• **INPUT MATERIAL**
○ ○ ○ ○ ○ ○ ○

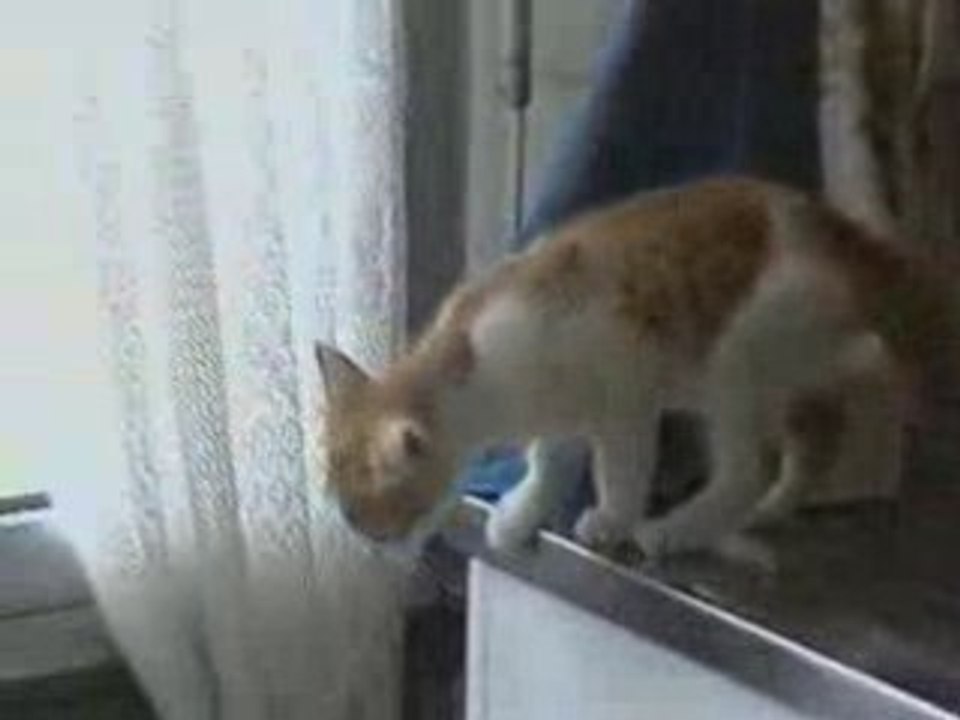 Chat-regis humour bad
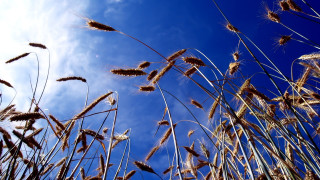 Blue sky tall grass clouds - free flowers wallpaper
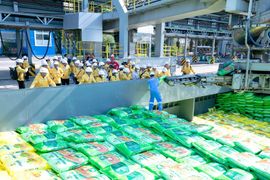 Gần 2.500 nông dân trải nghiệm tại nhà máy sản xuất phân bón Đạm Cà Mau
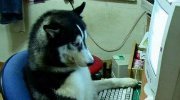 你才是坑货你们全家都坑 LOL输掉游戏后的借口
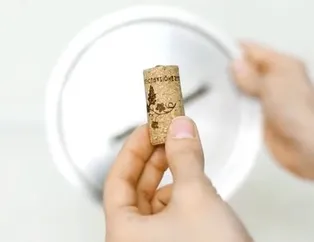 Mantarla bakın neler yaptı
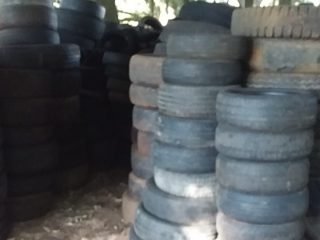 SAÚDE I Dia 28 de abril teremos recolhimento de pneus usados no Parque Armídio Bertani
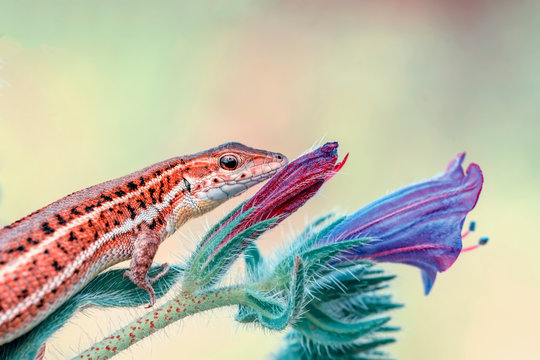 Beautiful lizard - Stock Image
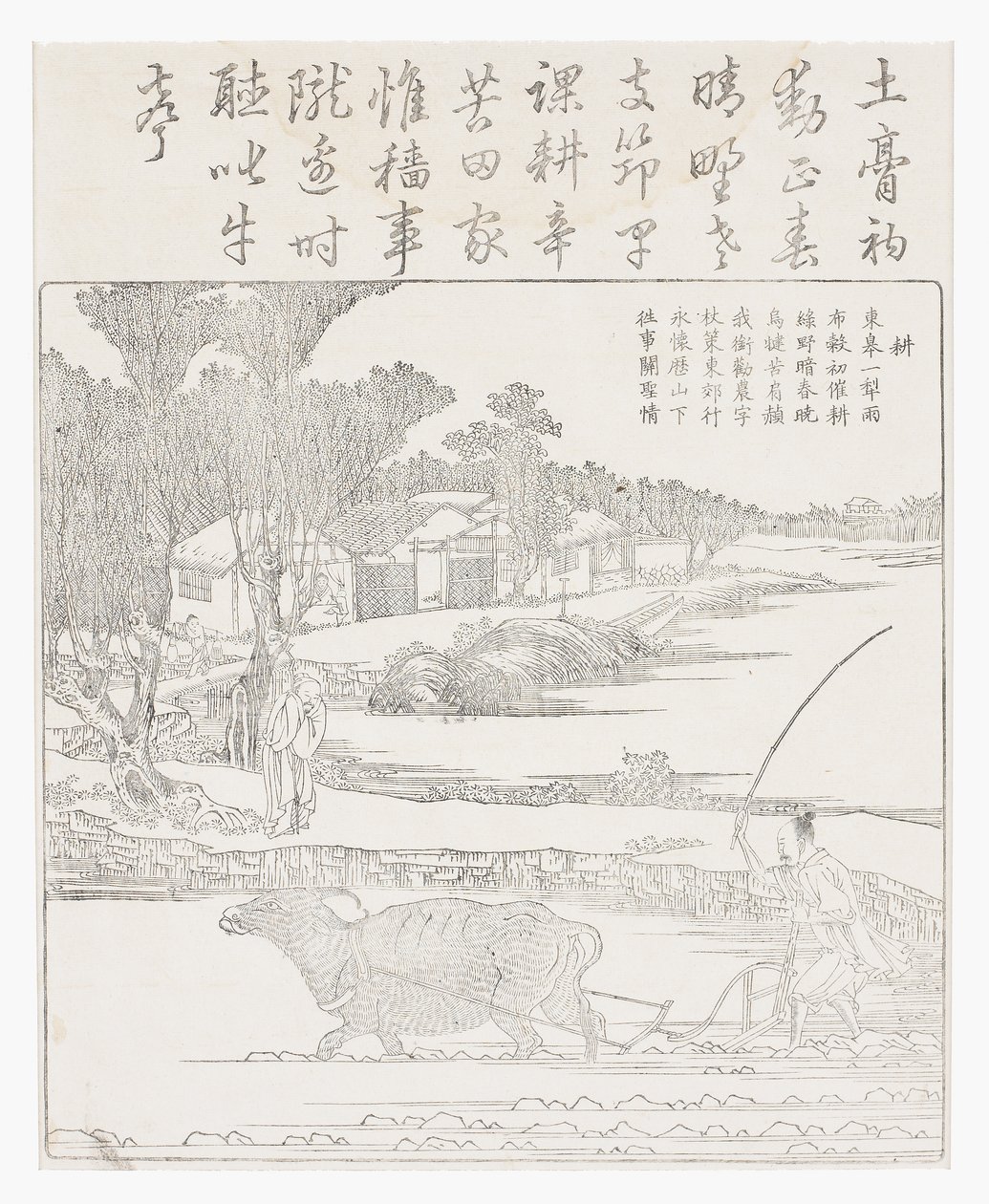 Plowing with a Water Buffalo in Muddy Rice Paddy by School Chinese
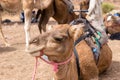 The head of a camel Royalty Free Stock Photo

○ ○ ○ ○ ○ ○ ○

• **ASSIGNMENT**
What you need to retype is every line from the one that has "Plowing with a" through the last line of the listing, both included, with the pictures left out.

• **EXPECTED OUTPUT**
 Plowing with a Water Buffalo in Muddy Rice Paddy by School Chinese
 The head of a camel Royalty Free Stock Photo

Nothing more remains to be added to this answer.